I step over the faded line, dividing
The realm of trust, built of my blind misunderstandings,
And this of the unknown paths I must tread on;
I’m certain, now there’s none and naught to guide me;
/
No light will shine into the air, which, stiff and heavy,
Settles in my chest, changing me forever,
Into a faceless embodiment of courage; the absence
Of hope should help me bear this utter darkness;
/
I cannot see what nightmares come alive where
I make my way, I can’t afford to dread them:
They help to build my fortress without entrance,
They turn my heart into a rock that can’t be moved;
/
Behind me, in a haze, still standing,
There is the house of lies from which I ran, and
In its small windows I still glimpse the candles’
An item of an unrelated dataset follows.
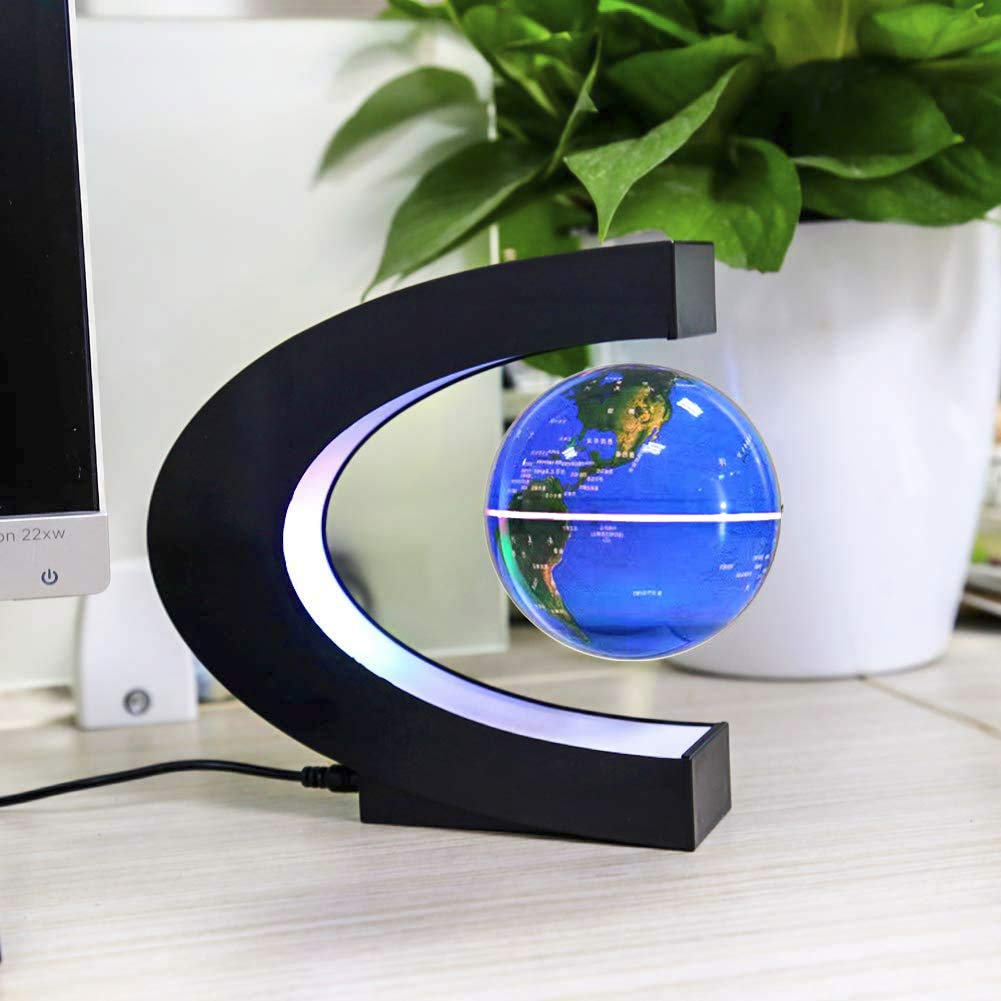 Magnetic Levitating Globe with LED Light, Cool Tech Gift for Men Father Boys and Girls, Birthday Gifts for Kids, Floating Globes World Desk Gadget Decor in Office Home Display (Silver)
Flickering light: their faint warmth once entranced me;
/
I watch the flames and shadows shake and tremble,
And laugh through tears, for now that ‘me’ is nonexistent;
The new one is a faultless stronghold, built to safeguard
What was your heart – what’s now my heart without a weakness
Something very sad here…but also a sense strength and survival… Wonderful write. ~ R
Thank you for your comment, Robyn! It is, I believe, sad to have ‘a heart without a weakness’. The speaker here is in a similar situation to the one from my other poem, One Day, but she handles it differently – the focus here is on survival, not so much forgiveness.
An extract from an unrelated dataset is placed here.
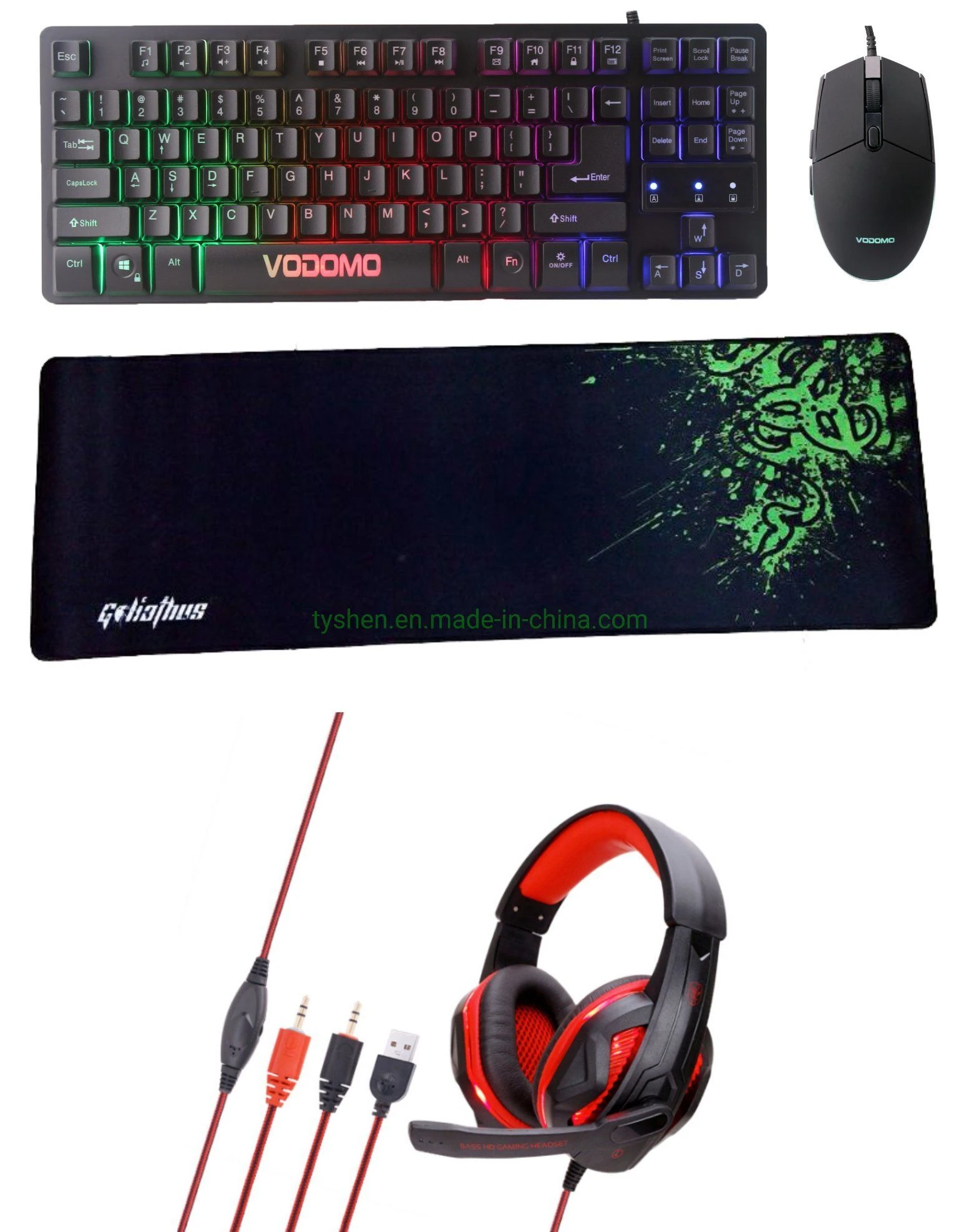 4 in 1 Gaming Combo, Keyboard/ Mouse/ Headphone / Mosue Pad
Must agree with Robyn…a sense of strength…but an undercurrent of sadness is what I felt as I read your poem.
Many thanks for reading! The sadness, perhaps, comes from the fact that the speaker in the poem seems to be giving up irrevocably all her ability to feel – and in doing so ceases to be human. She speaks of courage, but, in fact, lacks the strength and integrity to carry on living with her weaknesses and to accept her mistakes.